In Italia lo scopritore dei versi di Enzo Bordin è stato, quand’erano ancora scritti sulle pagine gualcite di un vecchio quaderno a quadretti, lo zio dello scrittore Aldo Nove. Al quale, per via di un rigoroso nonno tedesco, è stato imposto il nome di Otto. Otto Nove aveva la strada segnata, soprattutto dopo aver passato un’infanzia difficile. Si sa quanto i bambini possano essere cattivi: e infatti, per brevità, lo chiamavano Diciassette e pensavano portasse una sfiga maledetta. Anche il povero Otto pensava di essere un po’ sfigato, ma poi, quando ha visto il suo nome scritto più e più volte sulle pagelle di scuola s’è rinfrancato. Così l’hanno fatto studiare. E’ diventato, negli anni, il teorico più quotato della commistione tra aritmetica, volendo matematica, e letteratura. Una delle sue leggi fondamentali, peraltro ignorata da schiere di editori, è “Scrive solo chi ha i numeri”. La summa delle sue ricerche è un volume in parte autobiografico, “La prova del Nove”, che è diventato anche un programma tv per la fascia protetta.
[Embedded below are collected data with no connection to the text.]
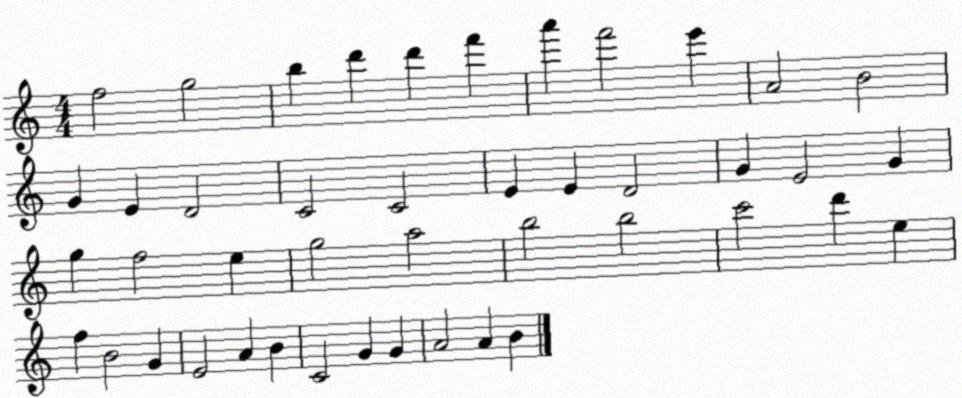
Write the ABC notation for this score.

X:1
T:Untitled
M:4/4
L:1/4
K:C
f2 g2 b d' d' f' a' f'2 e' A2 B2 G E D2 C2 C2 E E D2 G E2 G g f2 e g2 a2 b2 b2 c'2 d' e f B2 G E2 A B C2 G G A2 A B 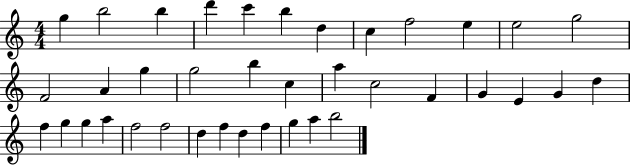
X:1
T:Untitled
M:4/4
L:1/4
K:C
g b2 b d' c' b d c f2 e e2 g2 F2 A g g2 b c a c2 F G E G d f g g a f2 f2 d f d f g a b2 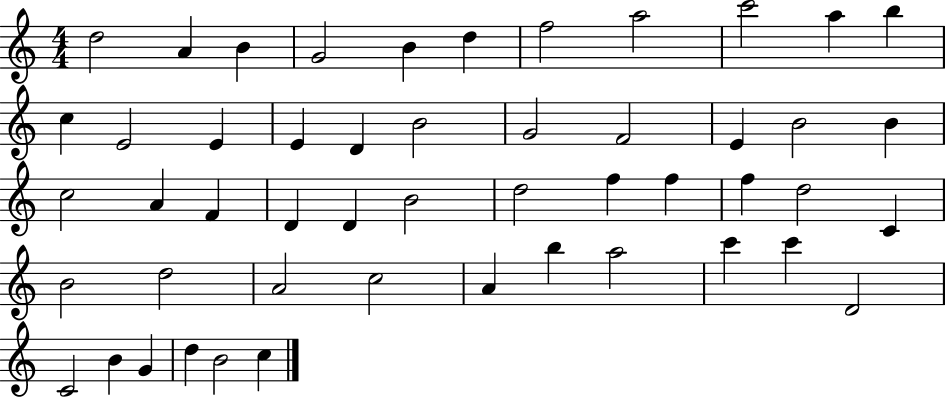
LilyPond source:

{
  \clef treble
  \numericTimeSignature
  \time 4/4
  \key c \major
  d''2 a'4 b'4 | g'2 b'4 d''4 | f''2 a''2 | c'''2 a''4 b''4 | \break c''4 e'2 e'4 | e'4 d'4 b'2 | g'2 f'2 | e'4 b'2 b'4 | \break c''2 a'4 f'4 | d'4 d'4 b'2 | d''2 f''4 f''4 | f''4 d''2 c'4 | \break b'2 d''2 | a'2 c''2 | a'4 b''4 a''2 | c'''4 c'''4 d'2 | \break c'2 b'4 g'4 | d''4 b'2 c''4 | \bar "|."
} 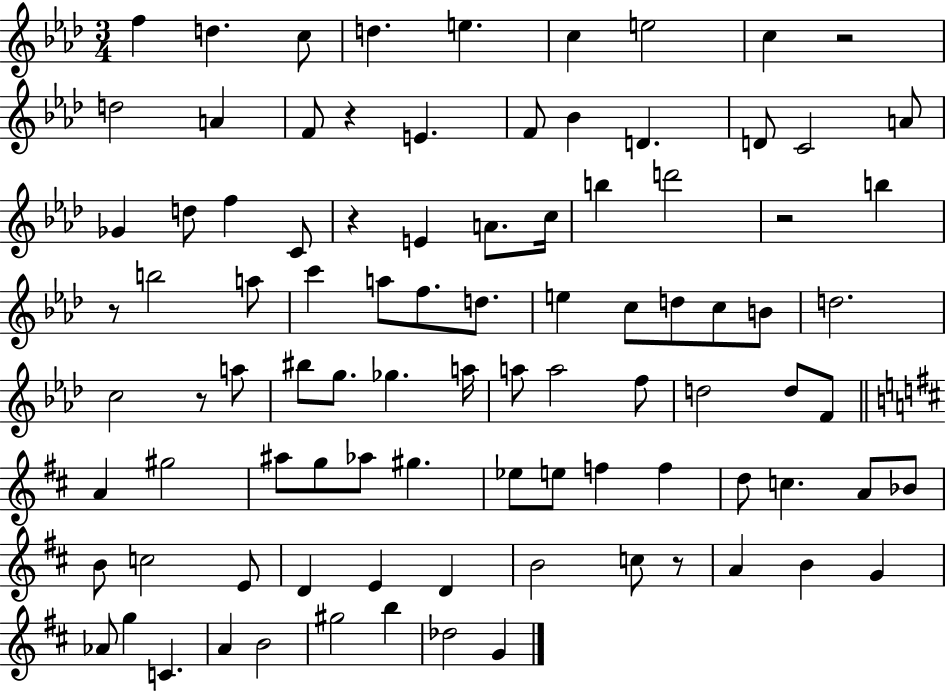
X:1
T:Untitled
M:3/4
L:1/4
K:Ab
f d c/2 d e c e2 c z2 d2 A F/2 z E F/2 _B D D/2 C2 A/2 _G d/2 f C/2 z E A/2 c/4 b d'2 z2 b z/2 b2 a/2 c' a/2 f/2 d/2 e c/2 d/2 c/2 B/2 d2 c2 z/2 a/2 ^b/2 g/2 _g a/4 a/2 a2 f/2 d2 d/2 F/2 A ^g2 ^a/2 g/2 _a/2 ^g _e/2 e/2 f f d/2 c A/2 _B/2 B/2 c2 E/2 D E D B2 c/2 z/2 A B G _A/2 g C A B2 ^g2 b _d2 G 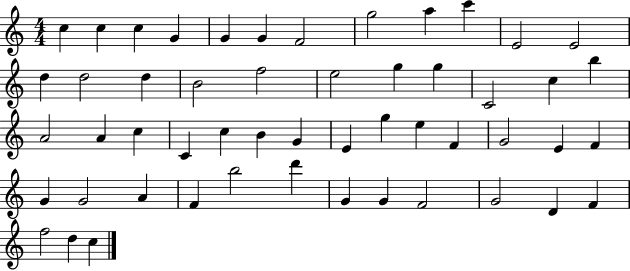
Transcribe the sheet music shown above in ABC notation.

X:1
T:Untitled
M:4/4
L:1/4
K:C
c c c G G G F2 g2 a c' E2 E2 d d2 d B2 f2 e2 g g C2 c b A2 A c C c B G E g e F G2 E F G G2 A F b2 d' G G F2 G2 D F f2 d c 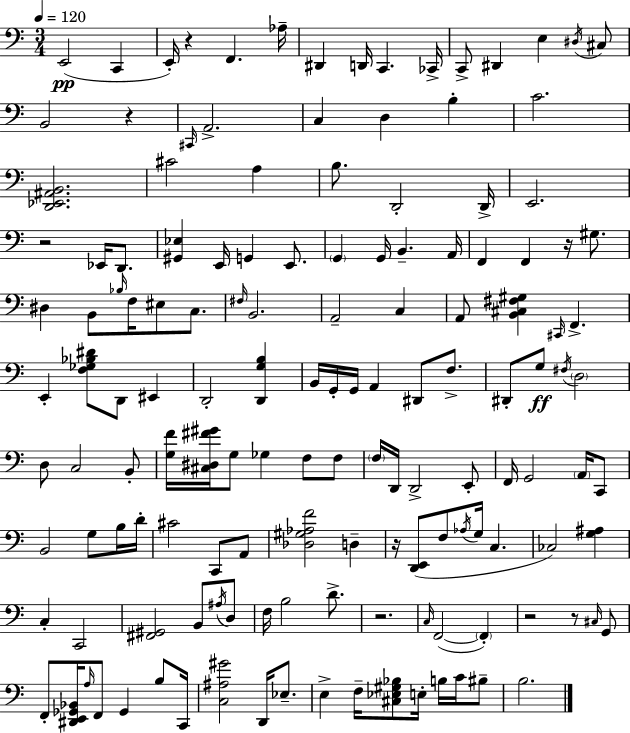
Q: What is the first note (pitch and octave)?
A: E2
Una volta l’autore è stato invitato in diretta e ha raccontato un gustoso aneddoto: il suo imbarazzo quando il maestro gli chiedeva “Sei Nove?”e lui non sapeva che operazione fosse, ed era troppo piccolo per conoscere alcunché del 69. Invidiava con tutto se stesso il compagno di banco Perotto Gigino, che quando il maestro gli chiedeva “Sei Perotto?”, lui rispondeva sempre “quarantotto”. Alla terza sberla Perotto rispondeva sì. Dunque il nostro Otto Nove è stato tra i primi ad occuparsi delle poesie di Bordin, definendole da dieci e lode. Questo provocava delle apparenti contraddizioni quando si leggeva, per esempio, che sul libro di Bordin era arrivata una recensione da Otto Nove. Bordin veniva accusato non di avere, ma di dare i numeri. E comunque l’intelaiatura critica costruita da Otto Nove era assolutamente affascinante: indagava tutti i rapporti numerici tra le sillabe, le parole, i versi e le strofe, indagava perfino sulla lunghezza delle pause, chi più e chi meno, metteva in relazione lo svolgersi dei versi con il battito cardiaco dell’autore e dell’uditorio, insomma calcolava tutto quello che era possibile calcolare.

Poi improvvisamente Otto Nove ebbe un crollo psicofisico, subito dopo aver scritto, lui letterato, un libro sulle sette religiose. Andò in crisi per particolari che sembrano insignificanti, ma che bisogna vivere per capire. Quando lo invitavano alle cene, per esempio, attorno a lui c’erano sempre da sei a sette posti vuoti, quella volta che si stabilì con la famiglia a Nove di Bassano fu un problema serio per l’anagrafe perché cognome e indirizzo erano la stessa cosa. E poi qualcuno aveva cominciato a prenderlo per un ebreo. Non poteva mai comperare otto o nove pezzi di qualsiasi prodotto, perché avete mai sentito uno che dice al negoziante il proprio nome e cognome? Uscì dalla crisi (mica tanto: quando gli nacque un figlio lo chiamò Primo, e fu contentissimo che fosse maschio, perché altrimenti avrebbe dovuto chiamarla Prima, e già qui ci sarebbe stata confusione, ma soprattutto avrebbe dovuto battezzare Dopo il successivo) anche grazie alle poesie di Bordin.

Il nostro poeta, commosso per la stima, avrebbe voluto ringraziarlo, e quante volte ci ha provato: ma sbagliava sempre il numero di telefono.